Accessing HttpContext
The first and most obvious change is that we are unable to call HttpContext.Current to gain access to the details of the current request, response, cookies etc. Instead - and again following the general pattern of coding in .NET Core of injecting what you need - we can provide an IHttpContextAccessor via the constructor of our class, which has an HttpContext property. You can see this in use here.
It's worth noting too that we only need this in our service classes. Within a controller (or other rendering items like razor pages), we have properties on the base class to use.
Cookies
When working with cookies, we no longer have access to an HttpCookie class. Instead we work with methods that take the cookie key and value directly.
For example, to add a cookie to the response, we call Response.Cookies.Append(key, value) rather than Response.Cookies.Add(cookie).
Items
I just found one subtle change in working with HttpContext.Items, in that the Contains method has been renamed to ContainsKey.
Session
In my minimal use of session variables so far, I ran into one syntax change, where retrieving values from HttpContext.Current.Session[key] has become HttpContext.Session.GetString(key).
Query String
In building web applications on .NET we don't usually have to work with querystrings directly, rather rely on model binding to map directly to method parameters on controllers. When we do though, we had access to an object on the request implemented as a NameValueCollection. In .NET Core it has a new type, that of IQueryCollection, retrieved from _httpContextAccessor.HttpContext.Request.Query.
Headers
Similarly, headers rather than being returned as NameValueCollection have a type of IHeaderDictionary.

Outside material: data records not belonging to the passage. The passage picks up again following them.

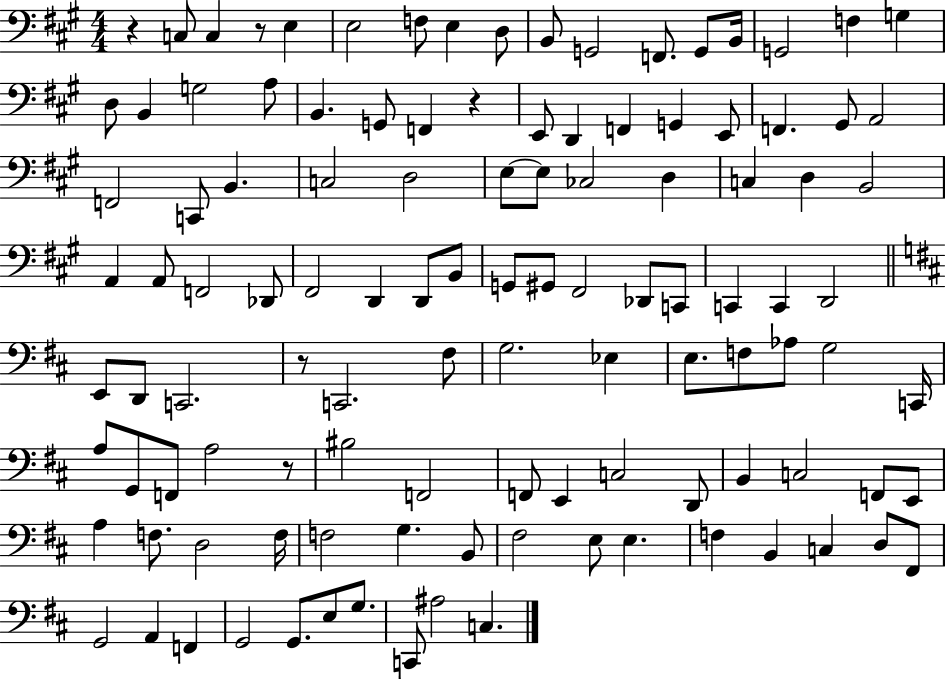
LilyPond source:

{
  \clef bass
  \numericTimeSignature
  \time 4/4
  \key a \major
  r4 c8 c4 r8 e4 | e2 f8 e4 d8 | b,8 g,2 f,8. g,8 b,16 | g,2 f4 g4 | \break d8 b,4 g2 a8 | b,4. g,8 f,4 r4 | e,8 d,4 f,4 g,4 e,8 | f,4. gis,8 a,2 | \break f,2 c,8 b,4. | c2 d2 | e8~~ e8 ces2 d4 | c4 d4 b,2 | \break a,4 a,8 f,2 des,8 | fis,2 d,4 d,8 b,8 | g,8 gis,8 fis,2 des,8 c,8 | c,4 c,4 d,2 | \break \bar "||" \break \key b \minor e,8 d,8 c,2. | r8 c,2. fis8 | g2. ees4 | e8. f8 aes8 g2 c,16 | \break a8 g,8 f,8 a2 r8 | bis2 f,2 | f,8 e,4 c2 d,8 | b,4 c2 f,8 e,8 | \break a4 f8. d2 f16 | f2 g4. b,8 | fis2 e8 e4. | f4 b,4 c4 d8 fis,8 | \break g,2 a,4 f,4 | g,2 g,8. e8 g8. | c,8 ais2 c4. | \bar "|."
}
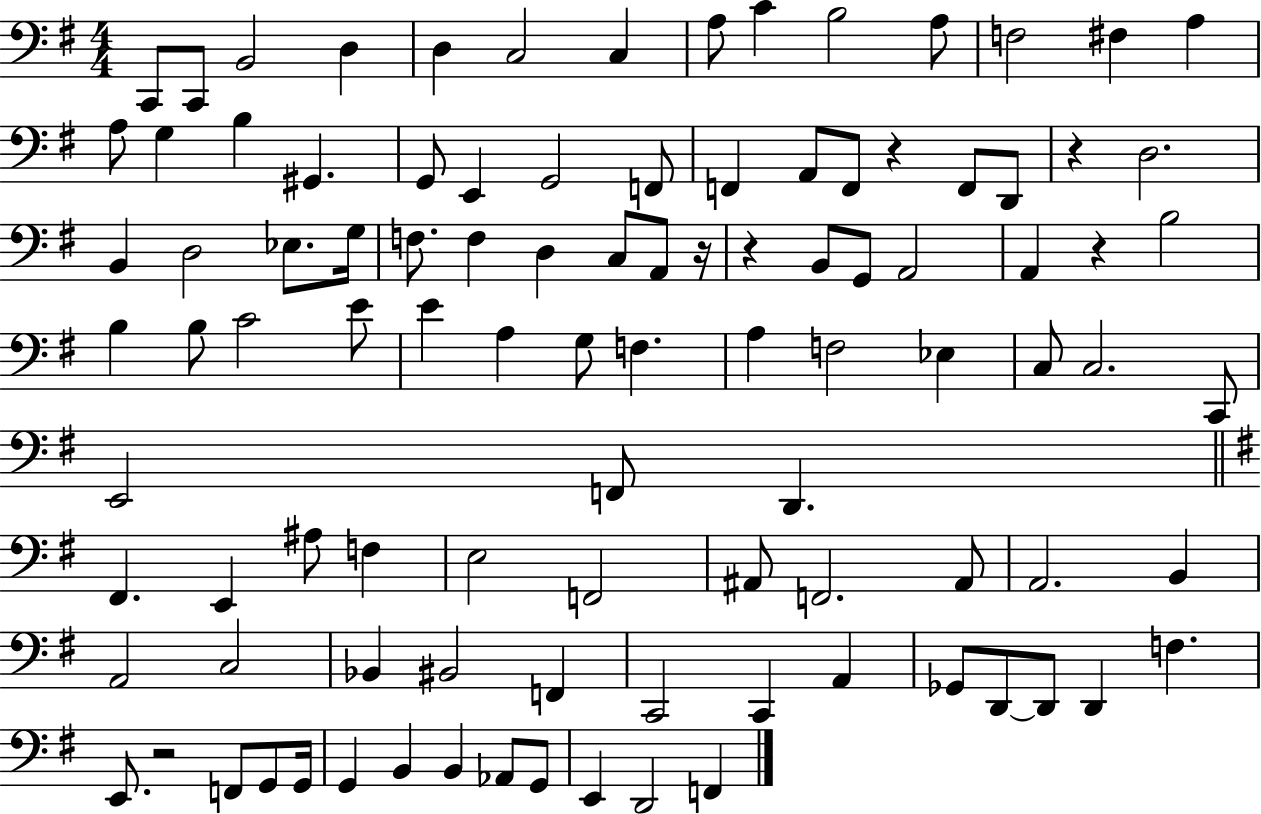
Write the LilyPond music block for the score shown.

{
  \clef bass
  \numericTimeSignature
  \time 4/4
  \key g \major
  c,8 c,8 b,2 d4 | d4 c2 c4 | a8 c'4 b2 a8 | f2 fis4 a4 | \break a8 g4 b4 gis,4. | g,8 e,4 g,2 f,8 | f,4 a,8 f,8 r4 f,8 d,8 | r4 d2. | \break b,4 d2 ees8. g16 | f8. f4 d4 c8 a,8 r16 | r4 b,8 g,8 a,2 | a,4 r4 b2 | \break b4 b8 c'2 e'8 | e'4 a4 g8 f4. | a4 f2 ees4 | c8 c2. c,8 | \break e,2 f,8 d,4. | \bar "||" \break \key e \minor fis,4. e,4 ais8 f4 | e2 f,2 | ais,8 f,2. ais,8 | a,2. b,4 | \break a,2 c2 | bes,4 bis,2 f,4 | c,2 c,4 a,4 | ges,8 d,8~~ d,8 d,4 f4. | \break e,8. r2 f,8 g,8 g,16 | g,4 b,4 b,4 aes,8 g,8 | e,4 d,2 f,4 | \bar "|."
}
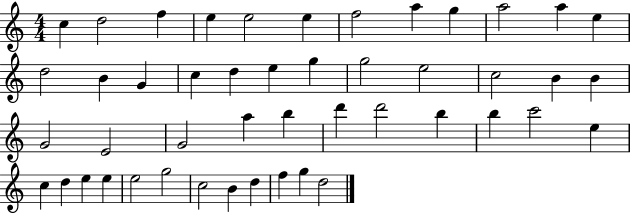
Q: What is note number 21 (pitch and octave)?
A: E5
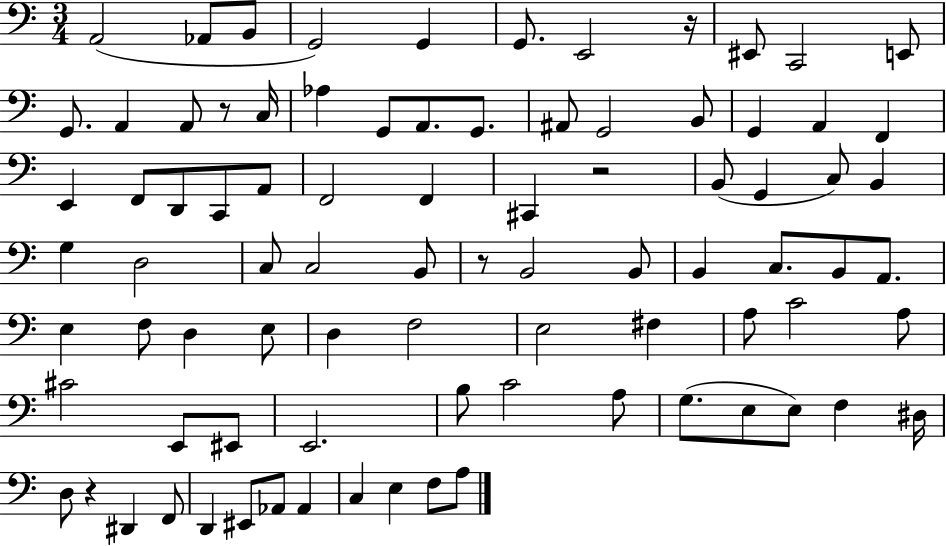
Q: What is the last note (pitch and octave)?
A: A3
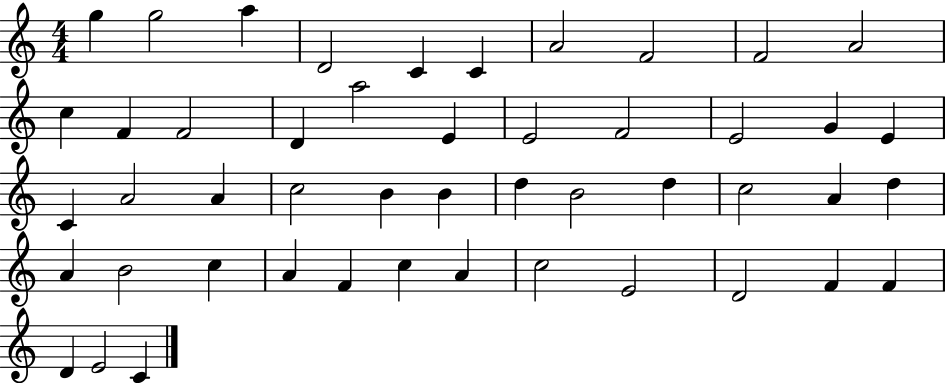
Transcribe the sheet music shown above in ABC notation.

X:1
T:Untitled
M:4/4
L:1/4
K:C
g g2 a D2 C C A2 F2 F2 A2 c F F2 D a2 E E2 F2 E2 G E C A2 A c2 B B d B2 d c2 A d A B2 c A F c A c2 E2 D2 F F D E2 C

The header values themselves - and this applies also to querystring values - are no longer simple strings, but rather instances of a new StringValues type. This is a wrapping class that handles values that may be empty, a single string or multiple strings (which are allowed). You can simply .ToString() on the value if expecting a single value or are happy to handle the multiple values as comma separated values. You can see how I'm doing both this and handling multiple values here.
Server Variables
In .NET Framework, we're able to access all the server variables associated with the request via Request.Servervariables, but this is no longer available. The reason is due to .NET Core no longer being strongly tied to a web server, i.e. IIS, rather being deployed in a reverse proxy setup. It seems they are accessible if you know you are hosting in IIS and install some extensions, but more generally, we'd expect these variables to be mapped to headers and available via other properties of the HttpContext object. So I've recoded my use of these to work with headers.
Host
The host for the current request, previously available at Requet.Url.Host is now accessed from Request.Host.Value.
Referrer
The referring URL for a request in ASP.NET Framework could be retrieved from Request.UrlReferrer.AbsoluteUrl. In .NET Core, this, and other header values, can be retrieved from Request.GetTypedHeaders().Referer?.AbsoluteUrl. The extension method GetTypedHeaders() is accessible if you add a reference to Microsoft.AspNetCore.Http.
Authentication Status
There'll be a need to dig further into membership for this package, but one quick thing I needed was to be able to tell if the current request is being made for a logged in or anonymous user. Previously this flag was available on Request.IsAuthenticated; in .NET Core we need to retrieve User.Identity.IsAuthenticated from the HttpContext object.
Other Dependencies
The only other amend I needed to make in porting the providers was in the geo-location one, where I'm working with an external dependency. Fortunately, this has been migrated to .NET Standard and hence I could simply reference it from NuGet and no other changes were necessary.
Other changes made have been discussed in the previous article - using IHostingEnvironment to get access to paths to files on disk, and Umbraco's IAppPolicyCache for runtime caching.
Following Along
The repository containing the code for the migrated package is here. At the time of writing, the state of the migrated code can be seen using this link.